2021-10-18 09:05:28

by Tzung-Bi Shih

[permalink] [raw]
Subject: [RESEND PATCH] platform/chrome: cros_ec_debugfs: detach log reader wq from devm

Debugfs console_log uses devm memory (see struct cros_ec_debugfs in
cros_ec_console_log fops). However, lifecycles of device and debugfs
are independent. An use-after-free issue is observed if userland
program operates the debugfs after the memory has been freed.

An userland program example in Python code:
... import select
... p = select.epoll()
... f = open('/sys/kernel/debug/cros_scp/console_log')
... p.register(f, select.POLLIN)
... p.poll(1)
[(4, 1)] # 4=fd, 1=select.POLLIN

[ shutdown cros_scp at the point ]

... p.poll(1)
[(4, 16)] # 4=fd, 16=select.POLLHUP
... p.unregister(f)

An use-after-free issue raises here.
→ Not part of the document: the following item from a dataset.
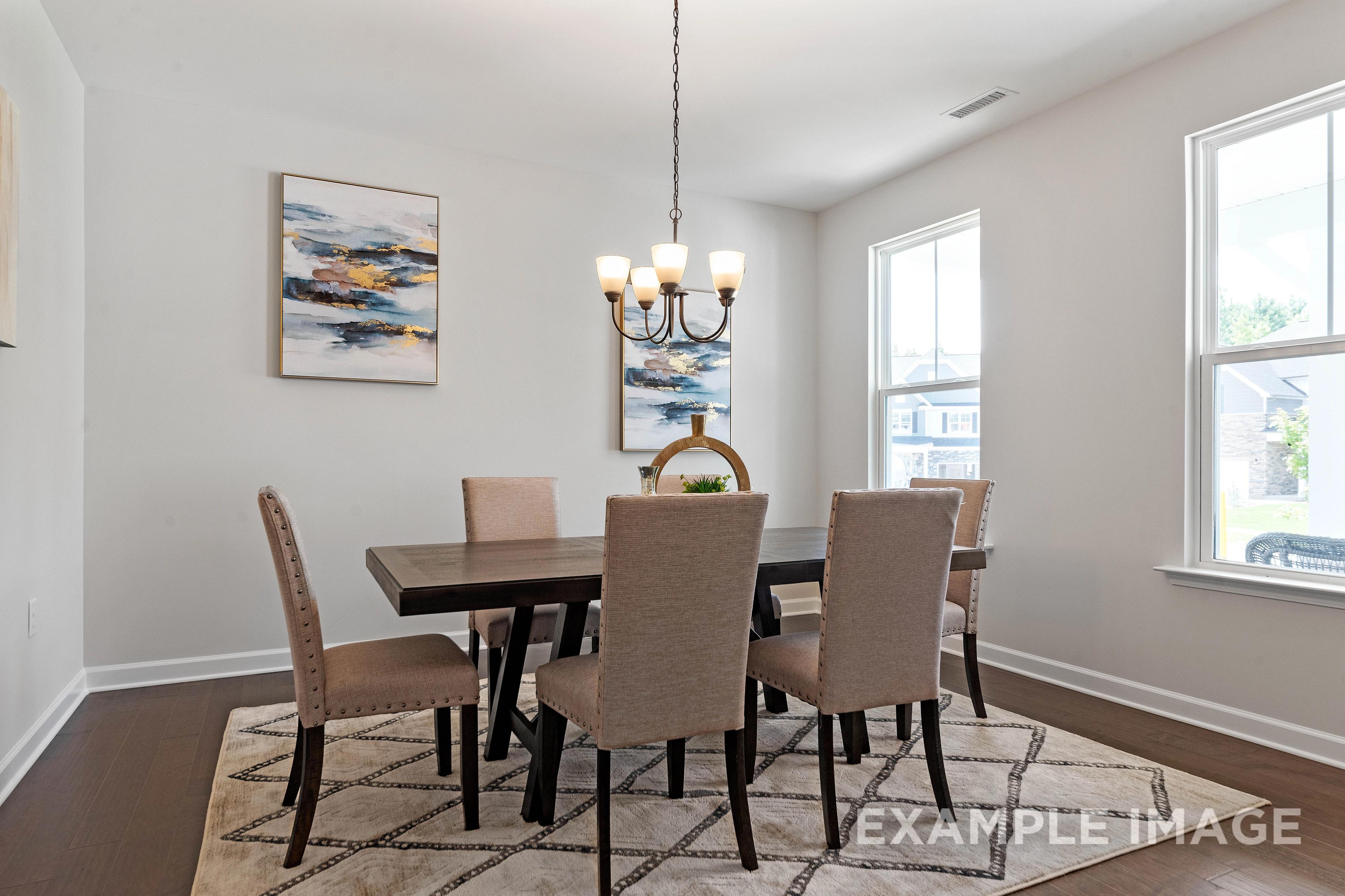 Spacious dining room in The Ash Davidson Homes plan with wooden table, beige upholstered chairs, chandelier, abstract art, large windows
It called epoll_ctl with
EPOLL_CTL_DEL which in turn to use the workqueue in the devm (i.e.
log_wq).

The calling stack:
do_raw_spin_lock
_raw_spin_lock_irqsave
remove_wait_queue
ep_unregister_pollwait
ep_remove
do_epoll_ctl

Detaches log reader's workqueue from devm to make sure it is persistent
even if the device has been removed.

Signed-off-by: Tzung-Bi Shih <[email protected]>
---
As for 2 other cases:

Case 1. userland program opens the debugfs after the device has been removed

ENOENT. cros_ec_debugfs_remove() calls debugfs_remove_recursive().
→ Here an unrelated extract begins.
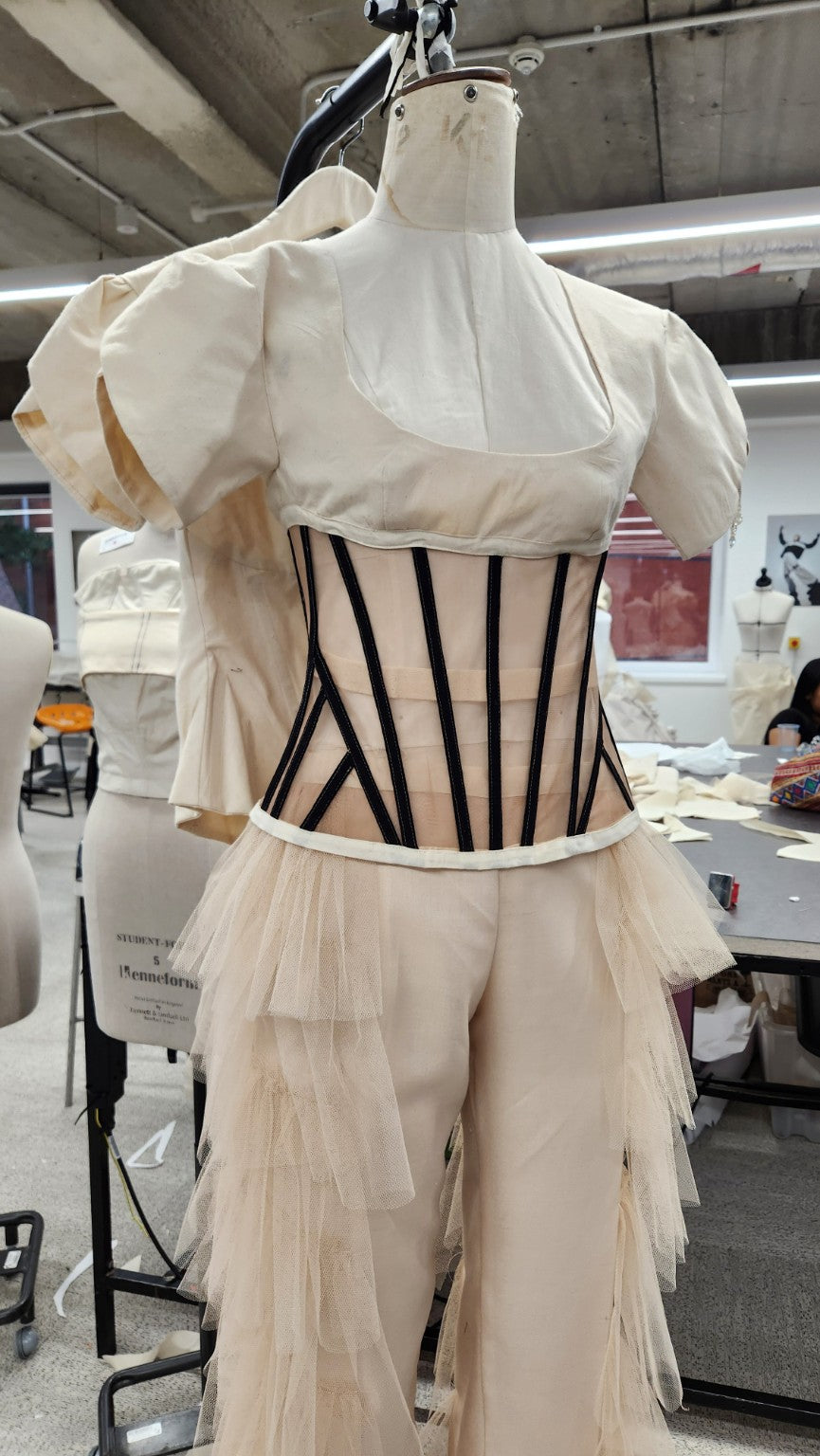 Corseted toile and tulle design development on mannequin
Case 2. userland program is reading when the device is removing

If the userland program is waiting in cros_ec_console_log_read(), the device
removal will wait for it.

See the calling stack for the case:
wait_for_completion
__debugfs_file_removed
remove_one
simple_recursive_removal
debugfs_remove
cros_ec_debugfs_remove
platform_drv_remove
device_release_driver_internal
device_release_driver
bus_remove_device
device_del
platform_device_del
platform_device_unregister

drivers/platform/chrome/cros_ec_debugfs.c | 12 ++++++------
1 file changed, 6 insertions(+), 6 deletions(-)

diff --git a/drivers/platform/chrome/cros_ec_debugfs.c b/drivers/platform/chrome/cros_ec_debugfs.c
index 272c89837d74..0dbceee87a4b 100644
--- a/drivers/platform/chrome/cros_ec_debugfs.c
+++ b/drivers/platform/chrome/cros_ec_debugfs.c
@@ -25,6 +25,9 @@

#define CIRC_ADD(idx, size, value) (((idx) + (value)) & ((size) - 1))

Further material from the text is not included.